2) Essay by Dick Davis -- On Not Translating Hafez. Here is his final observation:
Certain poets are held to be untranslatable, or virtually so, and often they are thought of as those that most intimately express the poetic soul of their people: in Russian there is Pushkin; in German, Goethe; in Persian, Hafez. The fact that it is often precisely the poets who seem to sum up a poetry’s idiosyncratic potential and identity who are those whose works are most resistant to translation can give rise to a kind of romantic, quasi-racial canonization of such poets, an implication that they cannot be translated because what they express draws so deeply on the culture’s specific ethnic soul that it is not communicable in any other terms. This is a variant of the sentimental “To understand, my friend, you have to be Persian/Jewish/Russian . . .” ploy. (Against this ethnic self-indulgence there is a lovely story of Franco Corelli asking Richard Tucker for tips on how to sing Puccini: “Well,” began Tucker, “You have to be Jewish. . . .”) But there is a simpler, more mechanical, less romantic, less racial, and, I believe, truer explanation for why these poets can seem to resist translation.(from the New England Review)
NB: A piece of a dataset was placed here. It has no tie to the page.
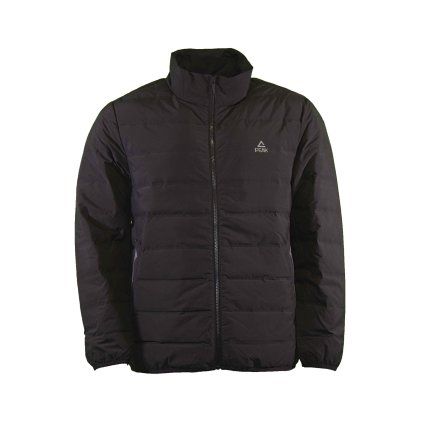 FW51422x BLK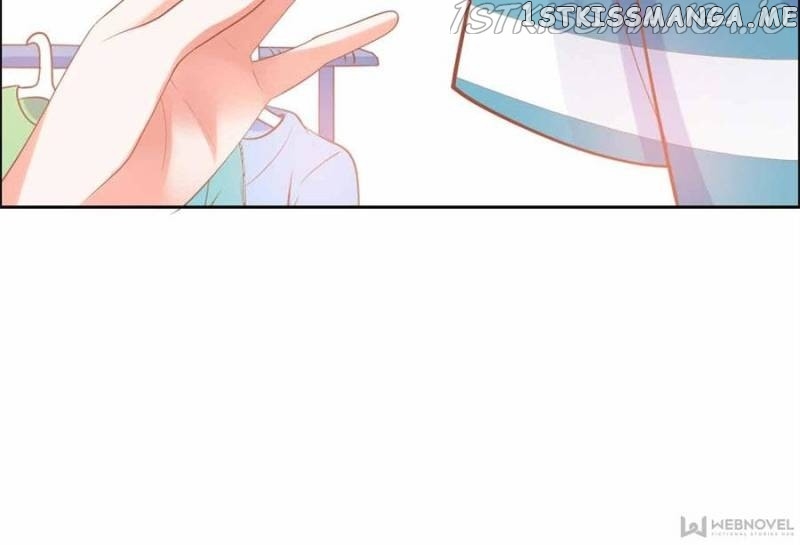 Prince Charming’s Lovely Gaze chapter 142 - page 39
Such poets can be considered those for whom the local conventions of their poetry are so deeply embedded psychically that they seem to be second nature to them; in their hands the conventions no longer seem conventions but simply a truth of the language, or of the particular poet’s psyche as it functions within the language. Goethe has a remark somewhere that few people realize that a poet’s most felicitous effects are often embedded in the rules of language itself, and we can extend this observation to the conventions of poetry that grow up in a linguistic community. It is the poet able to realize and utilize such conventions most effectively who can seem the most inspired and gifted; what to others is learnt, and obviously so, seems to be what he has been given, his natural mental landscape, the ethos within which he luxuriates and flourishes. But because his poetry is by that fact an endlessly dense tissue of his language’s poetic conventions, he seems by virtue of his very skill to be monolingual, untransferable to a language and poetry which does not share such conventions. And this is why the poets who seem to develop a poetry’s capabilities most tellingly, who seem to their linguistic communities to be the most “poetic” of all, are often precisely those whom it is most difficult to bring over into another language. Certainly, in Persian literature, the example of Hafez, and of the numerous poor poet-translators who metaphorically lie bleeding at his feet, would seem to bear this out.